Joe Girard is regarded by many as the greatest salesperson of all time.
A true rags-to-riches tale, Girard talked his way into a job at a Chevrolet dealership where, in 1973, he sold a staggering 1,425 cars, a feat later recognized by the Guinness Book of Records. His record, though challenged by many, remained unbeaten for forty-four years.
One of Girard’s’ perfected techniques, as described in his book, How to Sell Anything to Anybody, is Girard’s Law of 250. The Law, Girard explains, is based on the idea that everyone knows 250 people in their life important enough to attend their wedding, or, more morbidly, their funeral.
The Law, unsurprisingly, also applies to other industries, namely, sales.
Girard explains:
However I feel about myself or whoever I’m with, I don’t let my feelings get in the way. This is business we’re in, an important profession. … If I see 50 people in a week, and only two of them are unhappy with the way I treat them, at the end of the year there will be about 5,000 people influenced by just those two a week.
He continues,
You don’t know who is a shop steward or a supervisor that a lot of people in a factory or office consider a big authority. You never know that some guy is the president of his lodge and he is going from you to his lodge meeting. Or think about a barber or a dentist, people who talk to a lot of people every day as part of their work.

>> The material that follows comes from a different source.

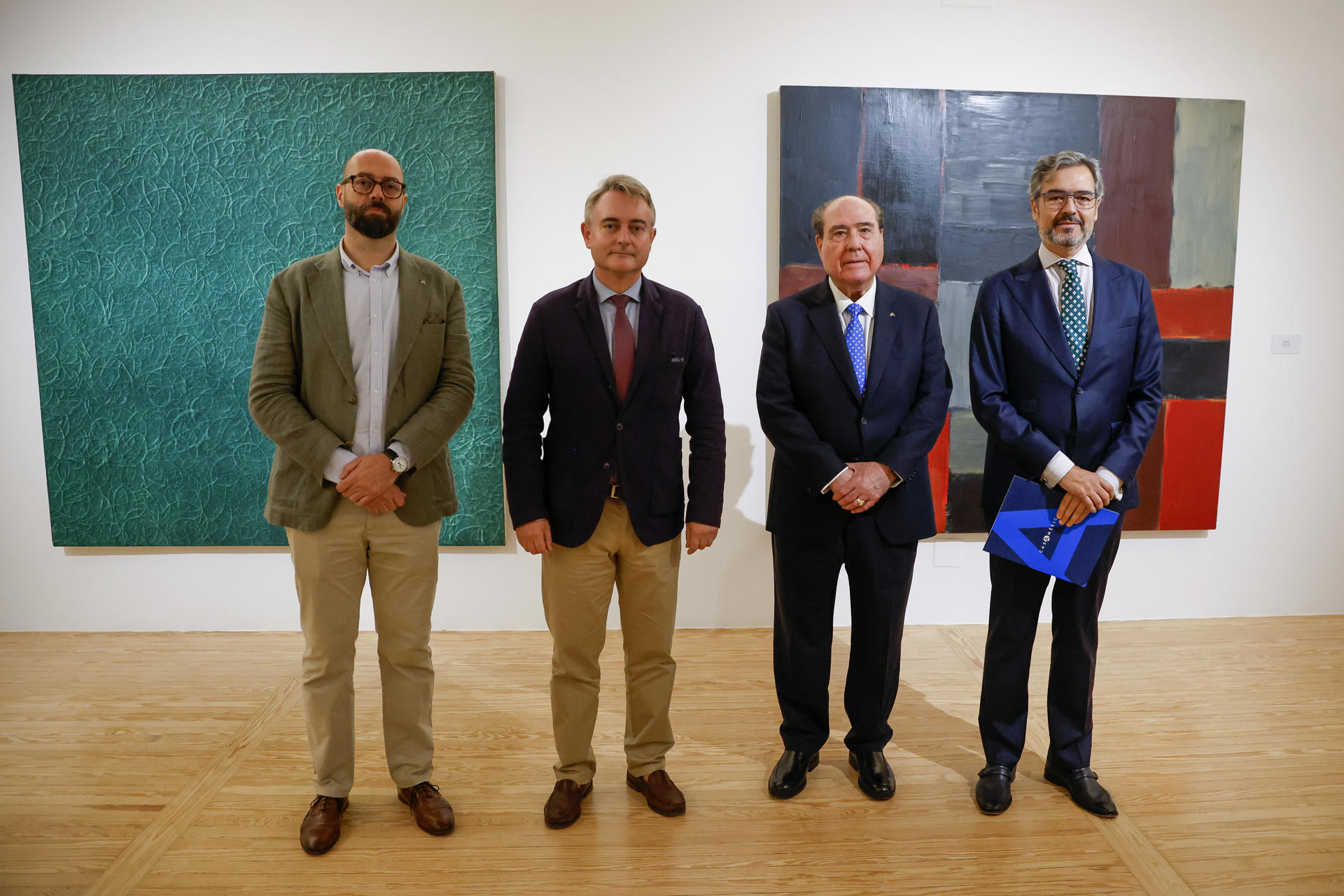 MADRID, 18/09/2025.-Moisés Morera (d), director de Programación de Casa de América; Miguel Ángel Escotet, director general de RSC de ABANCA (2d) y Diego Gascón (i), comisario de la muestra, posan en la exposición "Arte entre continentes" que expone un total de 62 obras de 33 artistas como Salvador Dalí, Picasso o Joan Miró en la Galería Casa América, este jueves en Madrid. EFE/ David Fernández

Girard applied the Law to avoid earning a bad reputation. No one, after all, wants to buy a car from a jerk. But the Law goes the other way, too. What opportunities might we encounter in our lives if we remind ourselves of the true scale of our influence? Who might we help or serve better? What difference might we make?
Like The Rule of Five Canfield and Hansen adopted when marketing their book, The Law of 250 exemplifies the “persistence, hard work and motion” Naval Ravikant talks about in Eric Jorgensen’s book.
Indeed, we have far more influence than we give ourselves credit for.